Your assignment:
In the entries below, find the line with "Swarovski Classica pendant, Round" and the line with "Charlotte - Farmhouse". Repeat exactly everything between them, those two lines included, but not the pictures.

Excerpted records:

== Segment start ==

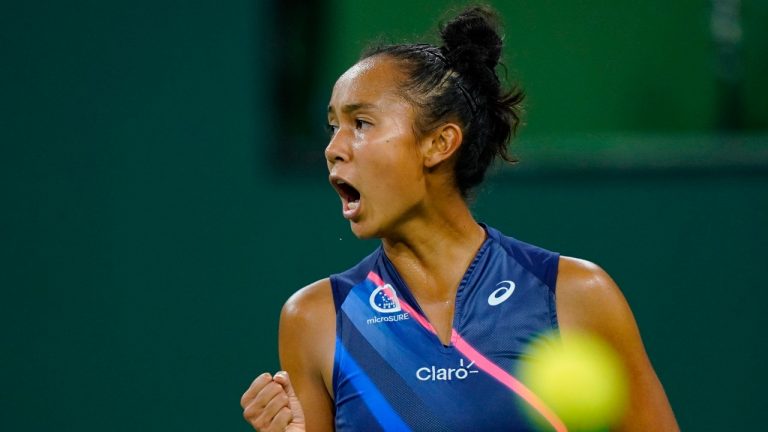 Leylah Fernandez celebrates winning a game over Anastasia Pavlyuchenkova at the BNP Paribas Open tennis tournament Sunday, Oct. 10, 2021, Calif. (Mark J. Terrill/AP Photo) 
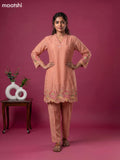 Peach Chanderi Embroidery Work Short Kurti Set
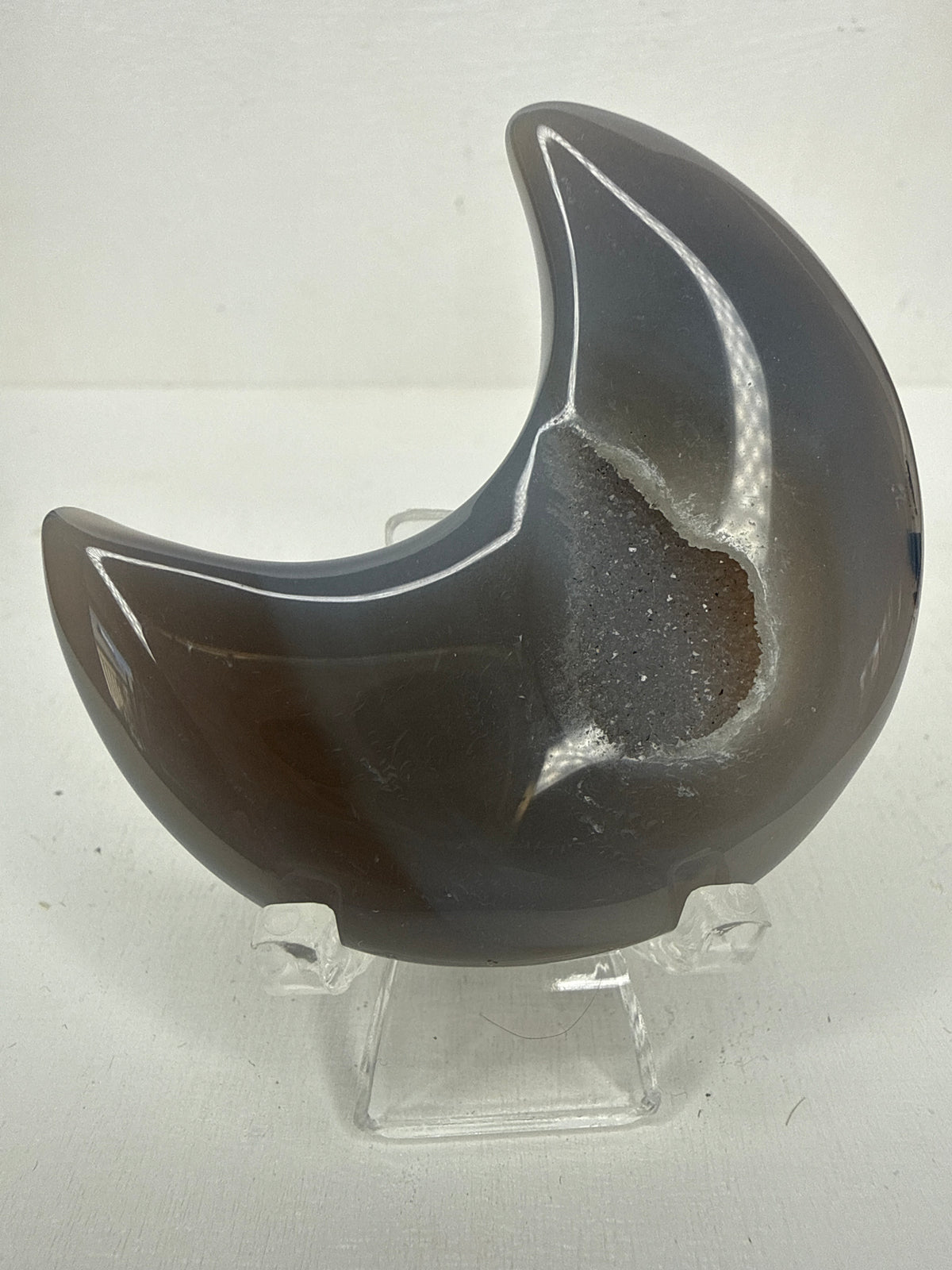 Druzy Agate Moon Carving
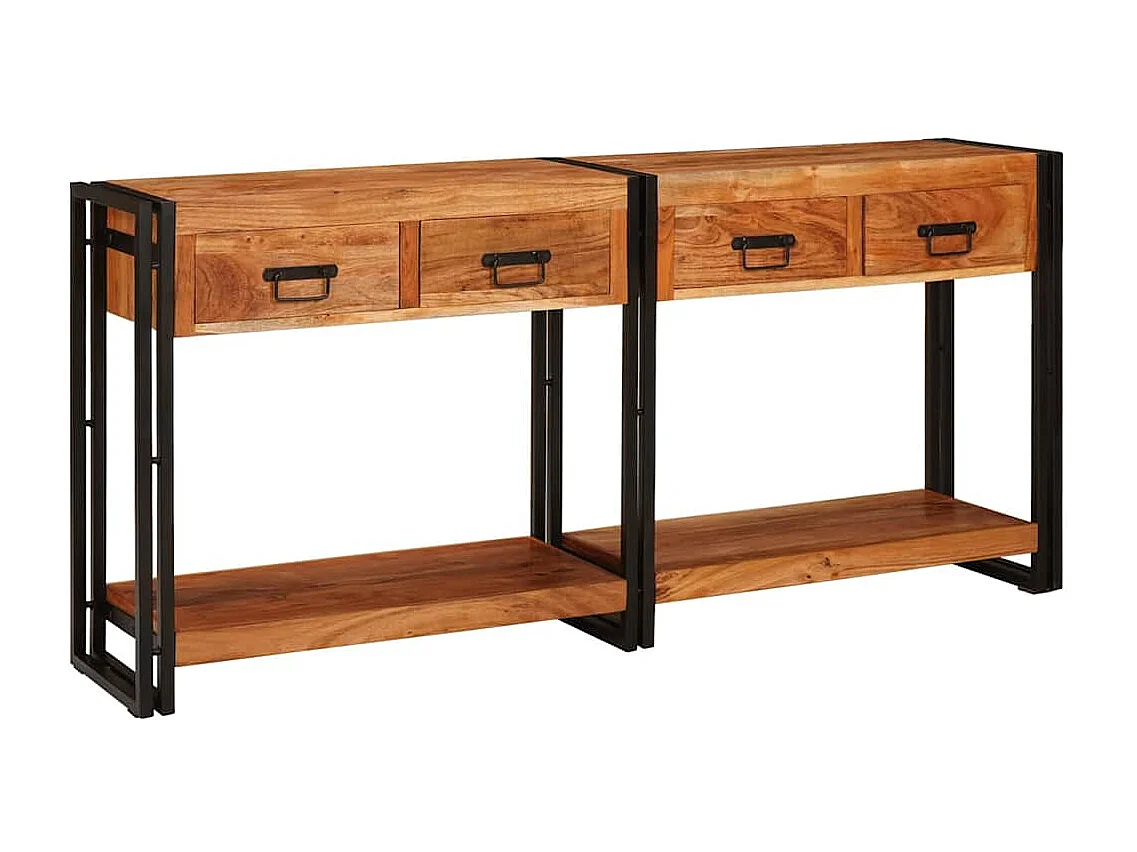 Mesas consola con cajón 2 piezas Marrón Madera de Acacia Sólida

== Segment end ==
== Segment start ==

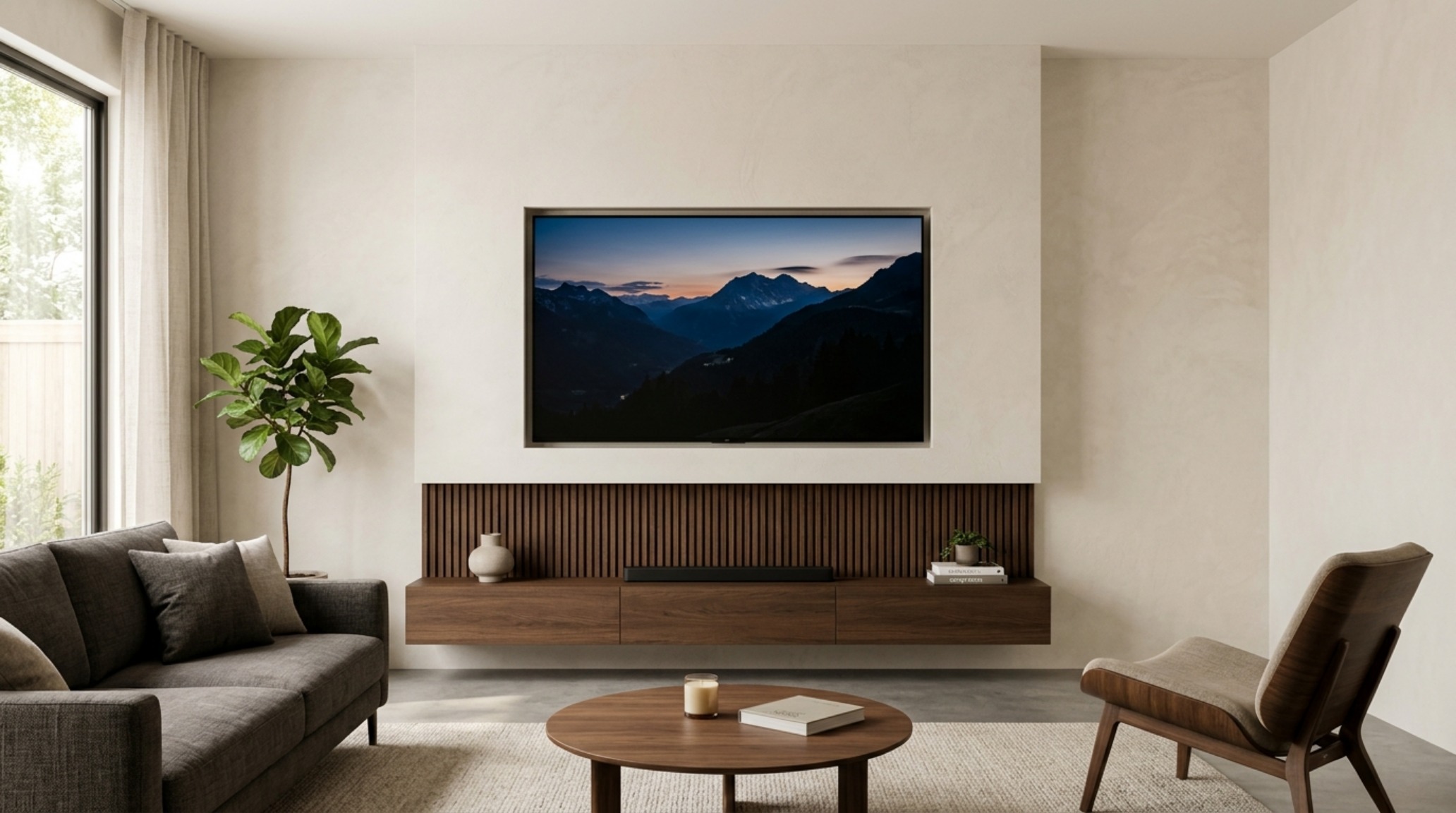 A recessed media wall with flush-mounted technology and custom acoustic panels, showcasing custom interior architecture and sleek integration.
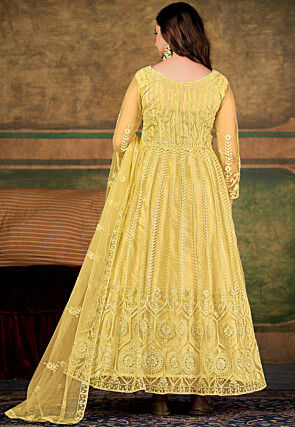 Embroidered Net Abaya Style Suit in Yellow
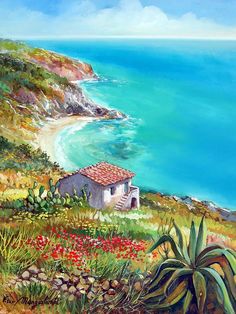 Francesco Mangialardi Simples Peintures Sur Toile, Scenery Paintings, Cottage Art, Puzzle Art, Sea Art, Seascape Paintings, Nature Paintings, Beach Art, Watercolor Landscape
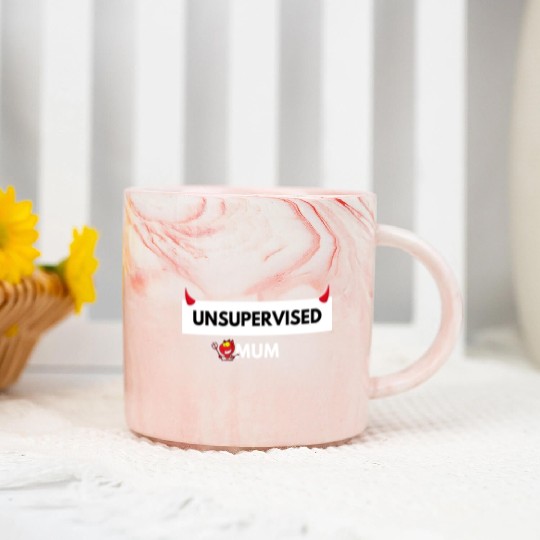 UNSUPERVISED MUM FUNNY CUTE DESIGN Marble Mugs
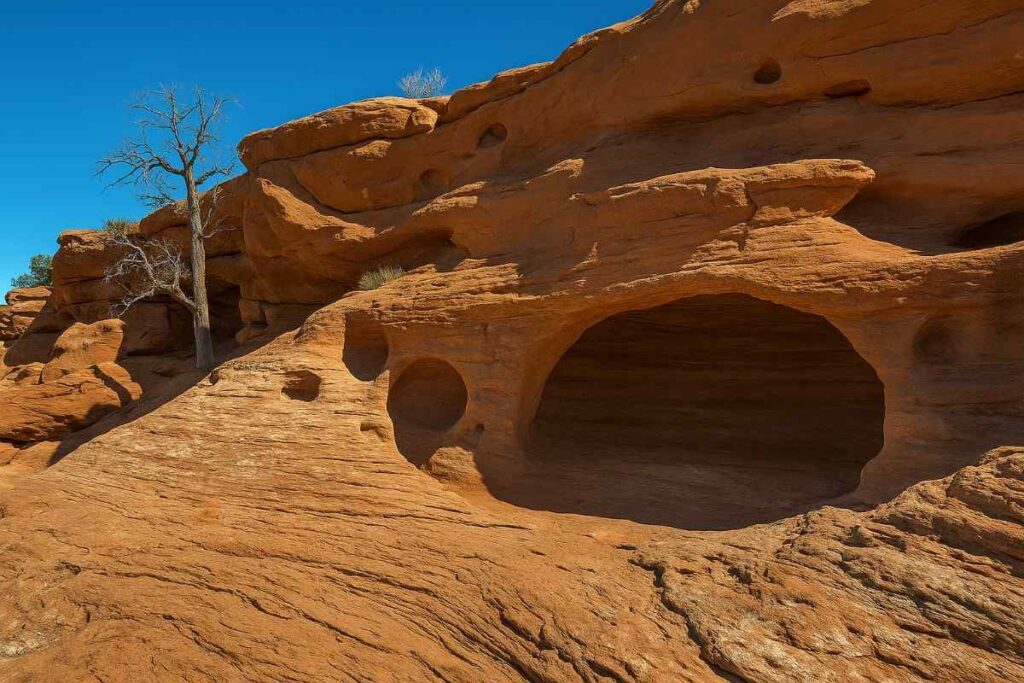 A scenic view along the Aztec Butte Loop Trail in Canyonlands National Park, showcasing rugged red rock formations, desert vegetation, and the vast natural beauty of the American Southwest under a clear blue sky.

== Segment end ==
== Segment start ==

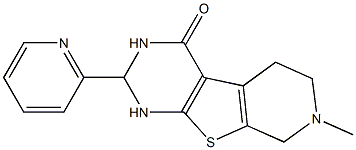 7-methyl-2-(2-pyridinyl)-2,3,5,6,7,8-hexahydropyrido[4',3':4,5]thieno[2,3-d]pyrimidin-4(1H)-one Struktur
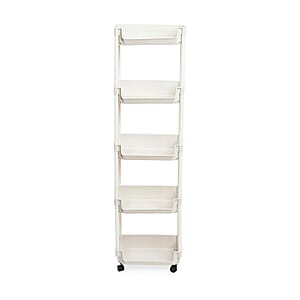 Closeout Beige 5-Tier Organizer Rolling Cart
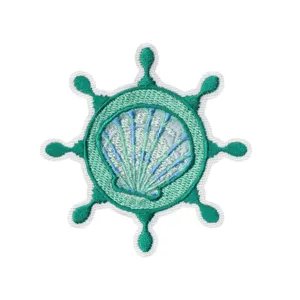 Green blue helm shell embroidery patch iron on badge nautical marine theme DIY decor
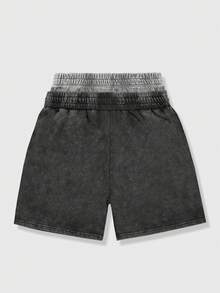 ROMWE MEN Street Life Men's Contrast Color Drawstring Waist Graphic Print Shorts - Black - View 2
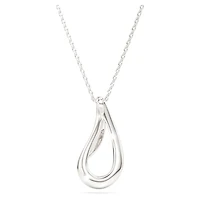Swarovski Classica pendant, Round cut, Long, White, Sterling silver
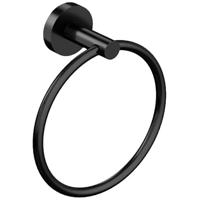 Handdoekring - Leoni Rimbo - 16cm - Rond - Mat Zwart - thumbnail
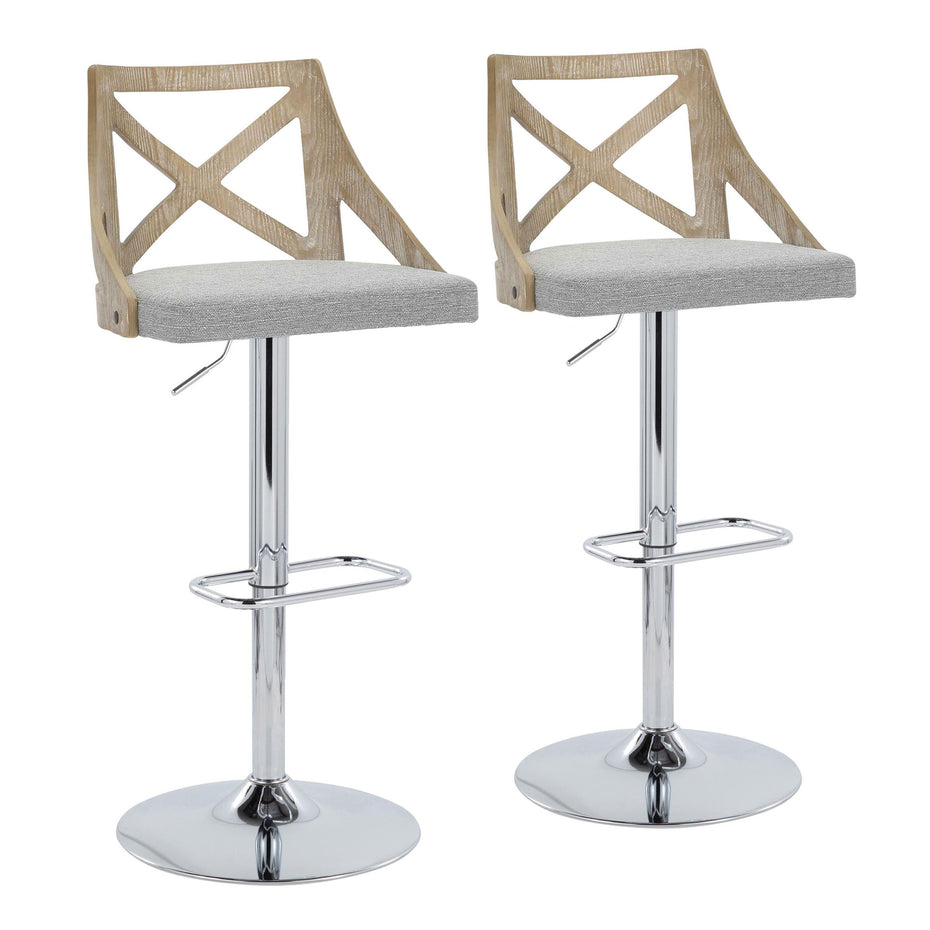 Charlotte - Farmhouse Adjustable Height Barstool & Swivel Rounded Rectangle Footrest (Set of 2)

== Segment end ==

Expected output:
Swarovski Classica pendant, Round cut, Long, White, Sterling silver
 Handdoekring - Leoni Rimbo - 16cm - Rond - Mat Zwart - thumbnail
 Charlotte - Farmhouse Adjustable Height Barstool & Swivel Rounded Rectangle Footrest (Set of 2)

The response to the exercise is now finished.